Hello, dear readers! Welcome to my blog. In this post, we will talk about Gatling, a Scala library designed for developing performance/stress tests. But why do we need to make such tests? Let’s find it out!

Measuring our code

It is no mystery to anyone that performance is key to any architecture, in today’s ever-growing necessity to crunch more and more massive chunks of data at high speed. So, in order to supply this demand, we need to keep an eye out for aspects concerning performance, such as network throughputs and I/O costs.

There is some debate about when to start thinking about performance, with people both defending that it should be the first thing to do, or that you should think only at later stages when the need arises.

Wherever is your opinion on this subject, the point is that, at some point, you will be prompted to think about your application performance. When this happens, a good tool that you could use for helping you in measuring the performance are performance tests, such as stress and load tests.

The difference between stress and load tests is essentially their objectives.
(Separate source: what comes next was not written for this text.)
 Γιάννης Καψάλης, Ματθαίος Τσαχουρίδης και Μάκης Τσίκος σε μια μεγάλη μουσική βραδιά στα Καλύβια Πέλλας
Stress tests objective is to check how much “punishment” an application can take it before it will breakdown, or become very close to doing so. This can help to define scaling thresholds to add more instances before the breaking point is met, for example.

Load tests, on the other hand, has the objective to test how the application will behave with different loads of data, up to a massive amount that reflects a peak situation, even more than a normal peak. This can help to identify bottlenecks, such as a search endpoint which have a more complex query that won’t withstand an access peak and will become very slow at high traffic, for example.

Well, so now that we know why is good to do performance tests, why we need a tool to do that?

Why use a library for that?

Of course, we could just write a simple script that loads a chunk of threads and start firing at will at our application – let’s assume we are talking about a REST API at this point, which is the focus of our lab later on -, and just see if it breaks after a wave of HTTP requests. Easy enough, right?

The problem with this approach is that test suite features are not that simple as it seems. Not only we need to make more complex testing scenarios, such as ramping up users (to simulate increasing usage across a timeline), distributed calls on a time frame, parallelism, etc but also we need to think about reading the results itself, as it would be useful to calculate things such as percentiles, average call durations, etc.

When we use a tool such as Gatling to this end, we get all these features out-of-box, making our life much easier. Besides, since it is already made in a way that’s easy to reuse, we can make scripts that will be used across several different applications, and can even be used on CI pipelines.

What about monitoring platforms?

You could be thinking about some monitoring platforms, such as NewRelic, which already use technologies such as Java profiling to make real-time performance monitoring, pointing out issues at specific layers such as databases, for example. These platforms are excellent and should be used, no doubt about it.

However, if possible, for applications that really are performance-critical, it could pay off to make use of a tool such as Gatling, since as said before, it could be integrated to the CI pipeline, making it possible to test his performance on critical operations even before the new code is sent to Production.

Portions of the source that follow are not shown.